Konsep Sistem Internasional
Dan Balance Of Power

             Politik Internasional  mempunyai landasan pemikiran yang spesifik, yang berbeda dengan disiplin-disiplin ilmu lainnya. Salah satu peletak landasan pemikiran tentang hal ini adalah Kaum Realis (the Realist). Dari sudut pandang ini, negara-negara sebagai salah satu pemain terpenting dalam politik internasional dipandang senantiasa akan bertindak “rasional”. Dalam kata lain kelangsungan hidup suatu negara merupakan nilai tertinggi yang senantiasa ingin dicapai. Apabila persoalan telah menyentuh masalah eksistensi negara, berbagai cara yang memungkinkan akan dicoba untuk ditempuh. Namun negara tidak bertindak dalam suatu ruang hampa, ia juga terpengaruhi dan mempengaruhi lingkungan eksternalnya. Sebagai akibatnya, pertimbangan distribusi power yang tengah dan yang akan berlangsung merupakan hal esensial yang tidak dapat diabaikan begitu saja. Suatu distribusi power tertentu akan membuka peluang-peluang sekaligus penghambat-penghambat tertentu bagi suatu negara dalam usaha mencapai tujuan-tujuan atau sasaran-sasarannya.
             Lingkungan eksternal suatu negara dapat dipersepsikan secara global, yakni dengan menggunakan konsep Sistem Internasional.
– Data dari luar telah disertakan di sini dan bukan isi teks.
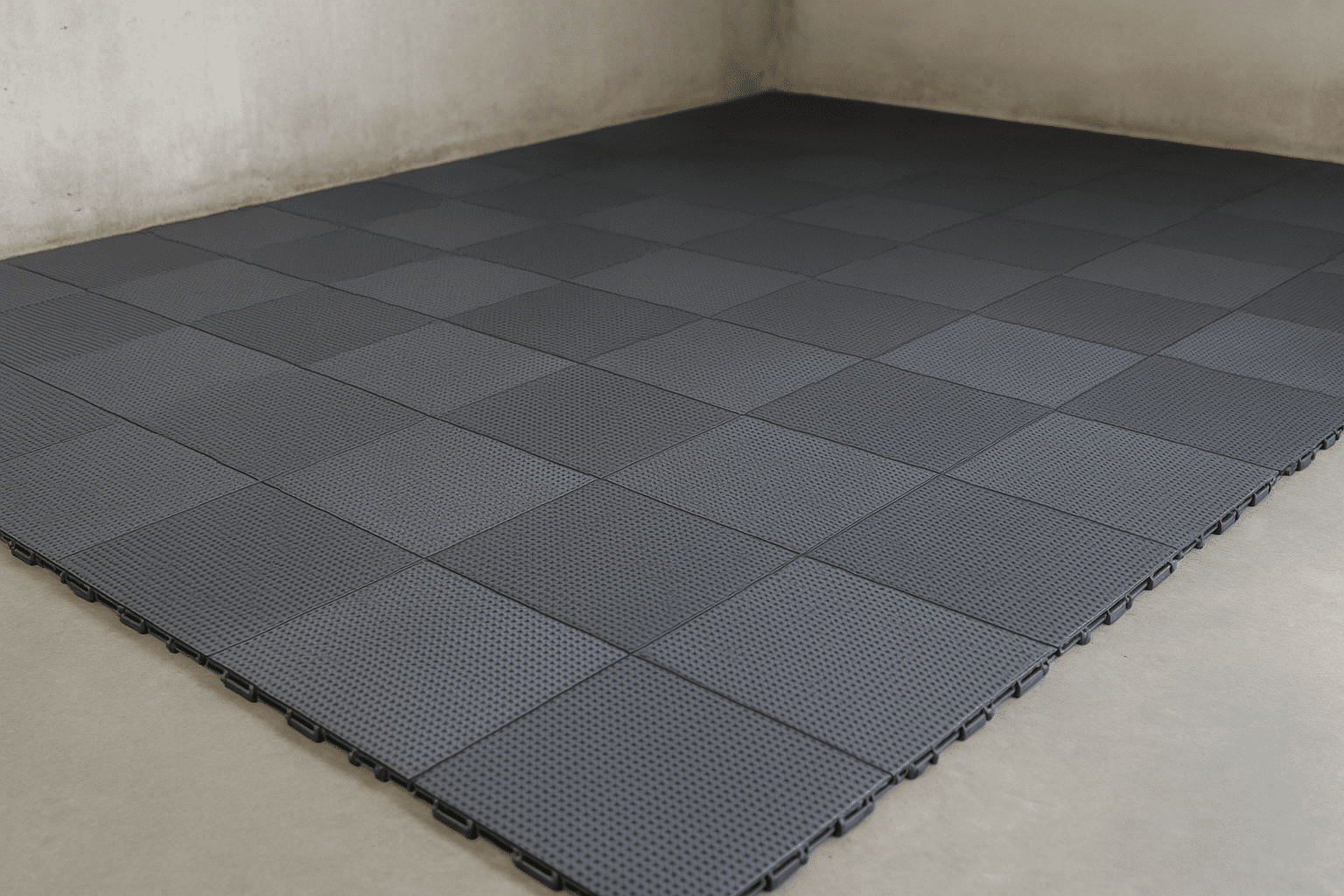 Dalle clipsable de sol pour garage en PVC gris foncé, posée en surface régulière avec système d’assemblage modulaire visible, adaptée aux charges lourdes.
Konsep ini menerangkan tentang tatanan power yang ada pada suatu waktu tertentu, mengingat politik internasional sebagai suatu kondisi sosial juga bersifat dinamis. Sistem Internasional dapat dipandang sebagai suatu “setting” dimana di atasnya/ di depannya bermain unit-unit politik tertentu. Sebagaimana suatu “iklim” yang dapat berubah-ubah dan mempengaruhi individu-individu yang ada di dalamnya, Sistem Internasionalpun melahirkan peluang-peluangnya melahirkan peluang-peluangnya sendiri serta keterbatasan-keterbatasannya. Walaupun disadari bahwa sangat sulit menentukan jenis Sistem Internasional yang ada, namun mengingat pentingnya diperoleh pengertian tentang hal ini, pendalaman tentang konsep ini merupakan suatu hal yang senantiasa akan berguna.
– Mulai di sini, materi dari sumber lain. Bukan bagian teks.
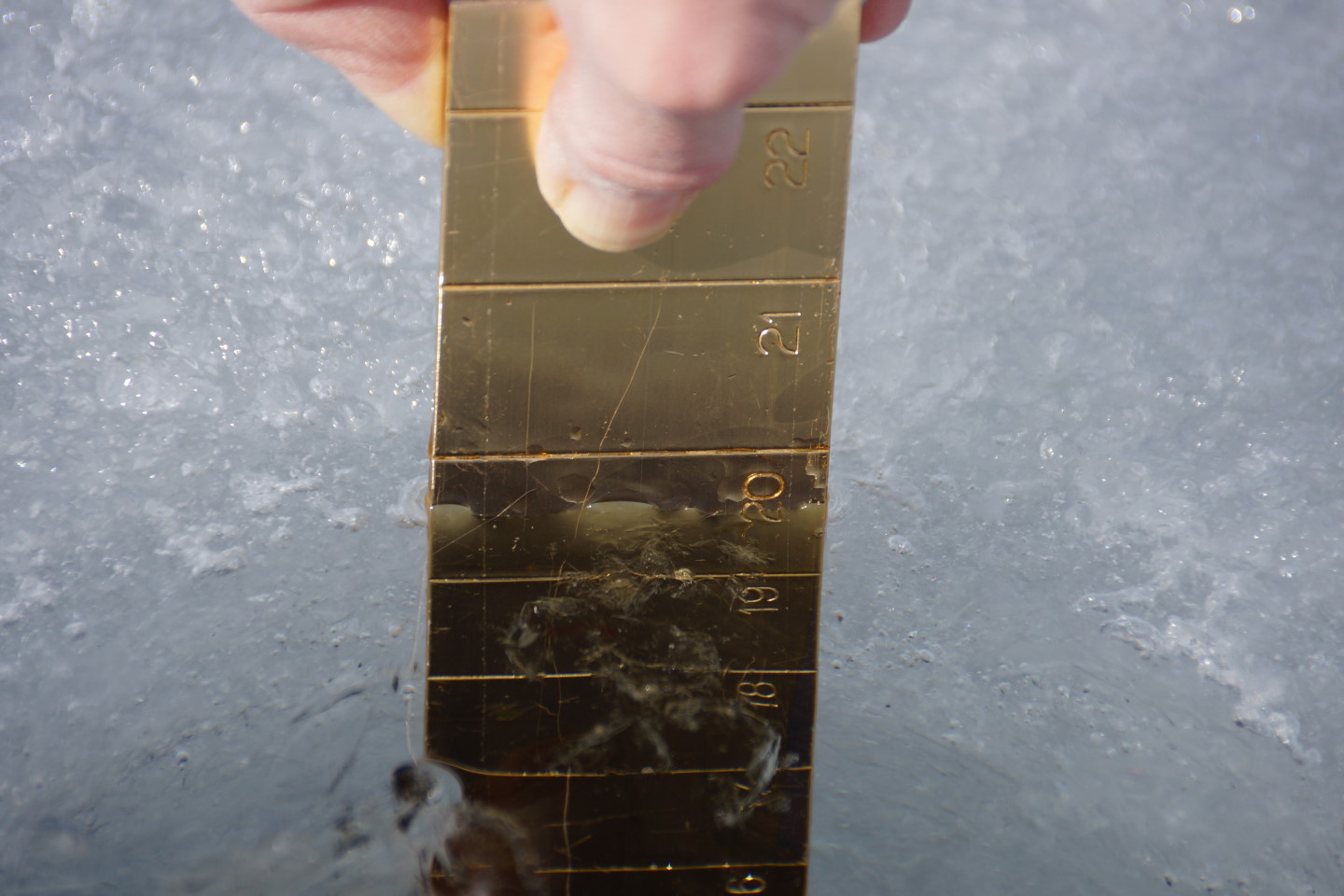 By the end of the week the ice covering Lake Lucerne was thicker than last week.  The twenty inches can be divided into two regions.  There's six inches of airy top ice and 14 inches of clear, hard ice under that.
             Pertama dikemukakan tentang The Diffuse System. Dalam Sistem Internasional ini Kekuasaan dan Pengaruh tersebar secara relatif merata. Tentu saja tidak berarti benar-benar merata, karena tetap terdapat beberapa unit politik yang menonjol baik dalam luas wilayah maupun kekuatan militer. Dalam region-region yang berbeda terdapat beberapa pemimpin region yang membentuk aliansi regional, namun tetap tak ada suatu unitpun yang  memegang dominasi secara permanen. Dalam konstelasi power seperti ini, terjadi aliansi militer maupun kerjasama diplomatic secara bebas. Aliansi dan kerjasama ini biasanya dibentuk karena adanya suatu atau beberapa tujuan bersama. Bila tujuan bersama tersebut telah tercapai, aliansi dan kerjasama tersebut berakhir dengan sendirinya. Salah satu yang menjadi ciri khas sistem internasional ini adalah tiadanya konflik ideology yang mendasar diantara pihak-pihak yang berinteraksi. Berperan pula faktor geografis yang dapat merupakan unsur perekat dalam integrasi antar unit-unit politik yang terkait.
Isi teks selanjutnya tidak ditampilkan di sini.